Asian markets were lower, some steeply as the Hang Seng fell below the 14,000 level for the first time in three years and South Korea’s Kospi declined by more than 7 percent on the session.

Markets declined on worries about the faltering global economy as Belarus became the latest nation to ask for aid from the International Monetary Fund, following in the steps of the Ukraine, Iceland, Hungary and Pakistan, although Pakistan has denied IMF statements that it has formally asked for help.

In addition, Argentina seems to be in danger of default after proposing that it seize pension funds worth $29 billion to gain ready cash.

In Tokyo, the Nikkei 225 was 2.46 percent lower to 8,460.98 after falling by 7.6 percent in earlier trade, regaining some of the losses after the US Federal Deposit Insurance Corporation said that it might enact a $40 billion program to induce banks to alter terms of home loans to prevent some foreclosures in the US.

At the same time, the Topix index was down 1.97 percent to 871.7 and the Mothers market of small and mid-caps dropped 3.72 percent to 311.21.

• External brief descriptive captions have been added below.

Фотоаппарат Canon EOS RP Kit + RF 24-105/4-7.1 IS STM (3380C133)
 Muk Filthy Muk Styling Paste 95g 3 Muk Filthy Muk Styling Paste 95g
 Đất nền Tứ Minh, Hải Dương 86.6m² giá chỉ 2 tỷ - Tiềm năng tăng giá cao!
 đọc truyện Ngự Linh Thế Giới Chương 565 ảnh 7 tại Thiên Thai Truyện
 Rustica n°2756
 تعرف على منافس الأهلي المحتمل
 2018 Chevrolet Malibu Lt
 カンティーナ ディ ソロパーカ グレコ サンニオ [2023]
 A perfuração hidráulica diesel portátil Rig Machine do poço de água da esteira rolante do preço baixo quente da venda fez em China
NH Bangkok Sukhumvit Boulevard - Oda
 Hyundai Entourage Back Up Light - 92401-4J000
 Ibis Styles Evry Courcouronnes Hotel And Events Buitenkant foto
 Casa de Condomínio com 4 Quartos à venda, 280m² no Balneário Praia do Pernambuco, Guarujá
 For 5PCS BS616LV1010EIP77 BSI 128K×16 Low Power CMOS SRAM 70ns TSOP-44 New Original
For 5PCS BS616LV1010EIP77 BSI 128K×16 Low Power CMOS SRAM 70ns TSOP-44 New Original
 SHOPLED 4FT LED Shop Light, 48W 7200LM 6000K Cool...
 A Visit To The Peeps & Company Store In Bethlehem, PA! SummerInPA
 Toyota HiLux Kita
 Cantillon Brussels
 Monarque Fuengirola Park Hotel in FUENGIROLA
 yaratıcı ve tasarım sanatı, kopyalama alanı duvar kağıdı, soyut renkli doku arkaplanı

The declines came after the Japanese Finance Ministry reported that exports were up by only 1.5 percent in September, against expectations that they would be up by 5.2 percent.

Exports to the US dropped by 10.9 percent from the same month last year, the 13th month in a row of declines in exports to the states, while exports to the European Union dropped 9 percent during the month and sales to other Asian nations were up, but only by 2.9 percent.

The oil sector was lower in Tokyo, while exporters fell on the Finance Ministry’s new data and on a stronger yen, but utilities were up on their status as recession-proof stocks.

Elsewhere in the region, the Shanghai Composite was down 1.07 percent to 1,875.56 while the Taiex fell 2.72 percent to 1,049.71, the Hang Seng was 3.55 percent lower to 13,760.49, the Sensex dropped 3.92 percent to 9,771.7 and the Straits Times Index was down 4.14 percent to 1,745.67.

In Australia, the S&P/ASX200 was 4.37 percent lower to 3,974.4 and the Sydney Ordinaries fell 4.39 percent to 3,939.3 while in South Korea the Kospi plummeted 7.48 percent to 1,049.71.

Banks and commodities-related shares dropped across the region.

At just past 3 p.m. in New York the Dow Jones Industrial Average was down 1.34 percent to 8,404.76 while the Nasdaq Composite fell 3.23 percent to 1,563.51 and the S&P 500 had dropped 2.26 percent to 876.52.

According to the Federal Housing Finance Agency, home prices in the US were down 4.9 percent in August from August 2007.

That, and a report of a quarterly loss for homebuilder Pulte (NYSE: PHM) send that sector lower, with Pulte dropping 22.51 percent in afternoon trade.

Online retailer Amazon (NAS: AMZN) dropped 3.36 percent after it projected that holiday sales would be weak this year.